Don't install the tank breather like that.
If the tank is filled to the top it can force gasoline into the vent lines when it expands while driving and start a siphon. Gas will pour out of that low breather you set up until the gas in the tank is below the vent lines in the tank.

If you want to just vent the tank to the atmosphere, the breather line in the engine compartment has to be as high as the bottom of the hood. Even then, it can/will gurgle a bit of gas out the end.

The best solution is to keep the charcoal canister and swap the vent lines. If you don't like the look of it, paint it. Most likely it is just the check valve inside the canister that has become plugged up.
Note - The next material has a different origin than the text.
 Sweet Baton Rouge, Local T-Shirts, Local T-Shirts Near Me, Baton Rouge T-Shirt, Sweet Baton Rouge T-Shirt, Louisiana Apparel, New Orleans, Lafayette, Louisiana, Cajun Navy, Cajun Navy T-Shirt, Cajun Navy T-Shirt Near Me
The procedure how to test the CC can be found in the emissions manual (easy).

How you have the tank venting set up now is the worst possible solution.
 
If the carburetor cooling fan doesn't run for a least 20 minutes after the engine is shut down, the gas in the float bowl often will be 'boiled away' by the next day.

Ethanol rots the leather seal on the pump plunger WAY faster than normal gasoline used to...and can rot the pump plunger boot lickety split too. If the boot is rotten, as can be seen on the engine side of the carb while it's installed, chances are good that the plunger seal aint doing too good either.
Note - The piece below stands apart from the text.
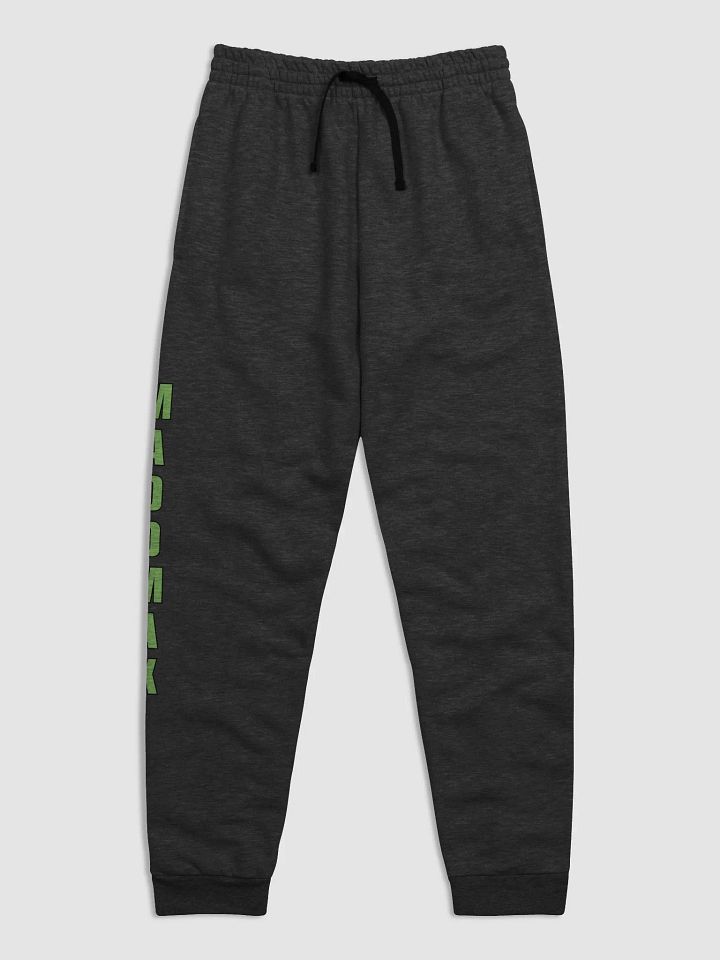 Madd Sweats product image (5)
For intermittent go/no-go behavior, when fuel can be seen in the sight glass, I would always suspect there to be a small piece of crap floating around in the float bowl possibly plugging/not plugging the first main jet. A piece of rotten pump plunger boot can easily find it's way in there.

If the carb hasn't' been rebuilt in 10 yrs. Its time.


this^^^ and adjust the valves; bypass egr and see if stumble goes away...AAAAND this>
needle-valve-aisin-carb-jpg.1063111
AAAnd...4psi regulated compressed air backwards thru the fuel inlet and return lines with the gas cap OFF...seems to me you have some blockage and possible clogged carb arteries; deteriorated seals. carb rebuilds are easy, just take your time, search mud, Pin_heads videos are a big hit FWIU. Also verify you have the right combo of fuel pump, and spacer...
 
there was another thread some time ago about crazy fuel problems....ended up being the spacer on the fuel pump was left off.

On face value you have what appears to be a fuel issue..assuming all things are correctly installed. I would point to the fuel pump, unless maybe there might be trash/crap in the fuel tank or fuel lines. The note about fuel pressure does not ring a bell to me that would lend it itself to the carb...what controls fuel pressure but the pump.....other than that where is there a regulator type device in the fuel system?

float in the carb is worth confirming its operations/// needle and seat.
 
a restriction of the needle and seat could cause pressure to go toward tank if the restriction were large enough...not sure how that splains the bowl drying out overnight, but...could be why no fuel enters when cranking unless return line is plugged...a cracked bowl or siphon can also drain the bowl...I think it's rebuild time, myself. problem with carbs is they suck...
 
I had similar issues and decided to replace the fuel pump with aftermarket. Problems went away for a few months but slowly a bunch of new fuel related issues happened. Ran fine around town but pinching the return fuel line was the only way to get over mountain passes and I'd get vapor lock or something if I parked for a few minutes when it was hot - Then I'd have to wait a couple hours before I could get it started again. After much frustration, and trying just about everything else I could think of, I installed an OEM fuel pump and haven't had a problem since.
 
I had issues with my gasser. After replacing all my vacuum lines, she wouldn't hold idle anymore. I did everything, from resurfacing the manifolds to replacing and cleaning the egr systems etc. 6 month of fiddling and guess what. I sea foamed the damn thing and low and behold. Everything was fixed. If your carb is gunked I say get her nice and hot and with the truck running and possibly at higher rpm, disconnect the fuel line going into the fuel pump and let it suck a bottle of sea foam through. If your carb is gunked, this will clear everything. My truck ran and started perfect after that.